Problem to work on: When you copy the material below, keep every line exact and drop the pictures.

Supplied material:
------------

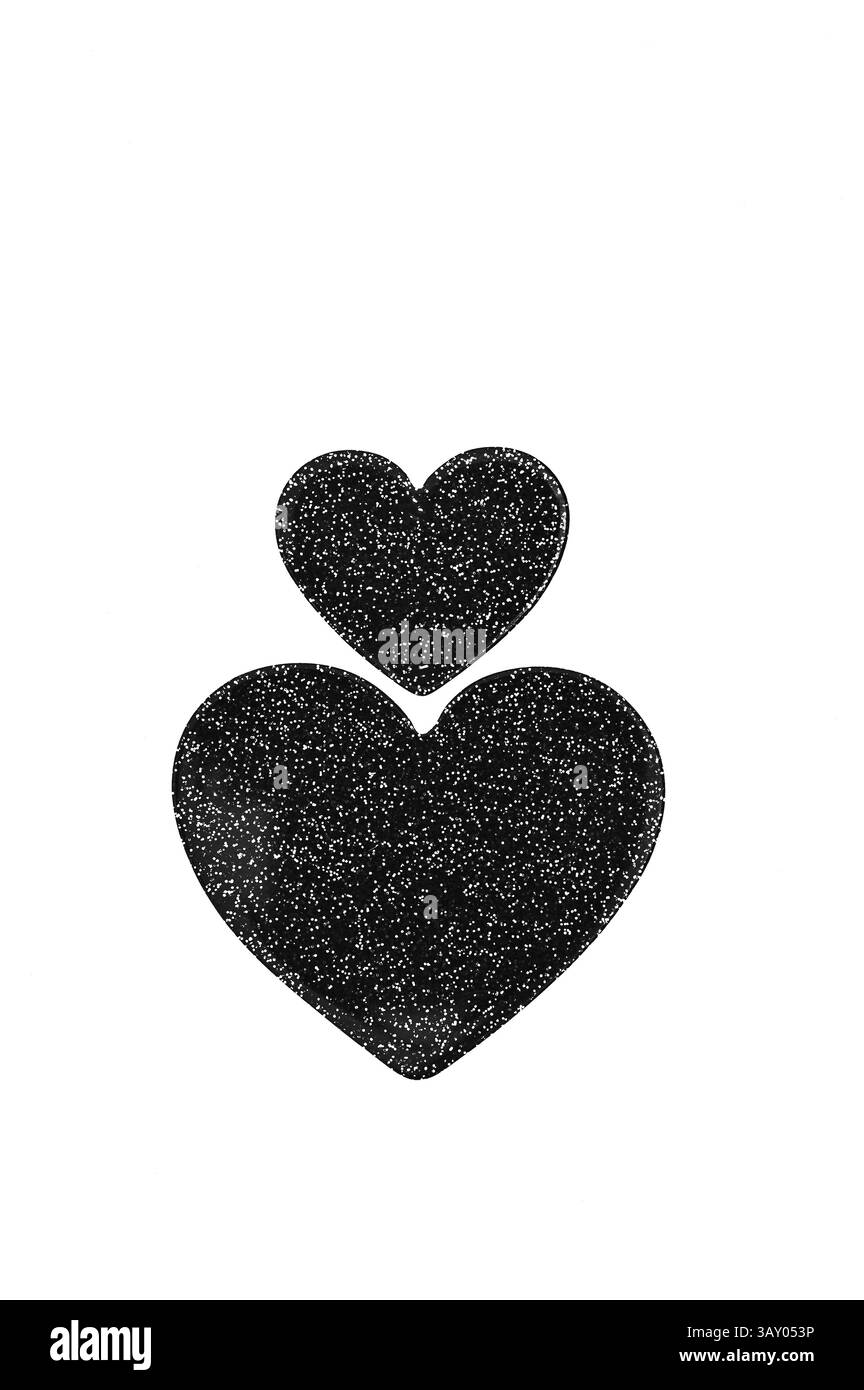 Due simboli di cuore nero scintillante uno piccolo grande che giace l'uno sopra l'altro Foto Stock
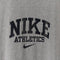 NIKE Athletics Center Swoosh T-Shirt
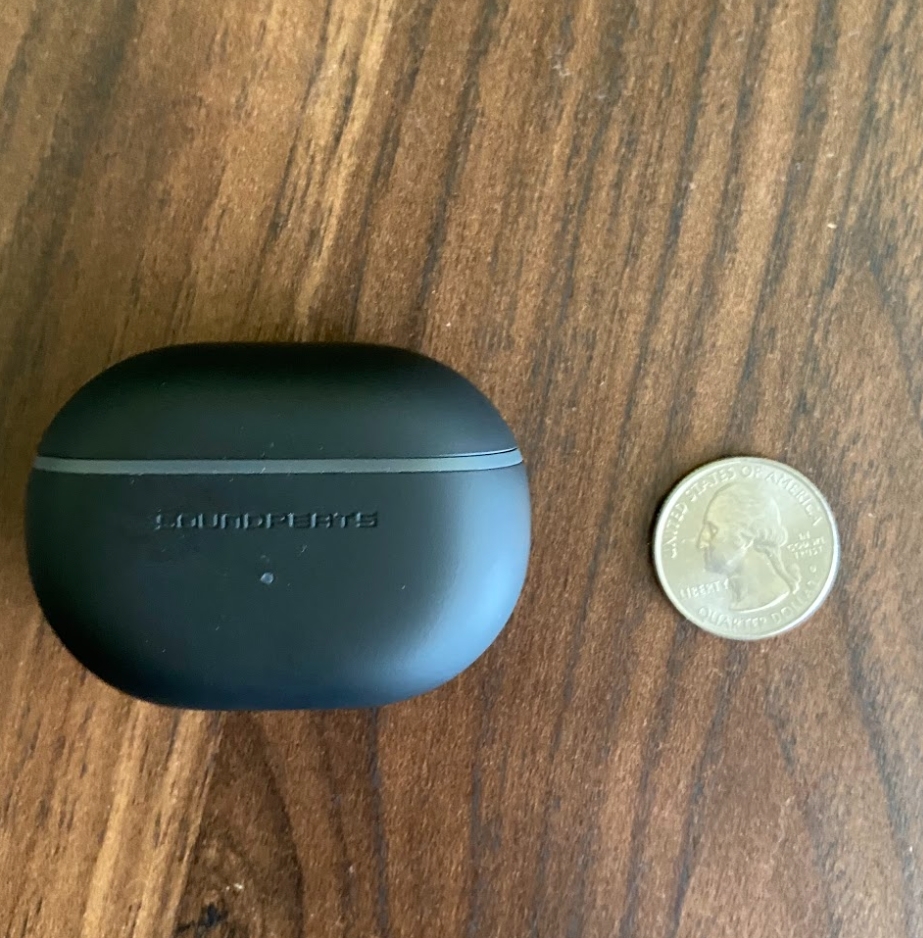 Soundpeats Mini Pro charging case with quarter for scale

------------

Answer space:
 Due simboli di cuore nero scintillante uno piccolo grande che giace l'uno sopra l'altro Foto Stock
 NIKE Athletics Center Swoosh T-Shirt
 Soundpeats Mini Pro charging case with quarter for scale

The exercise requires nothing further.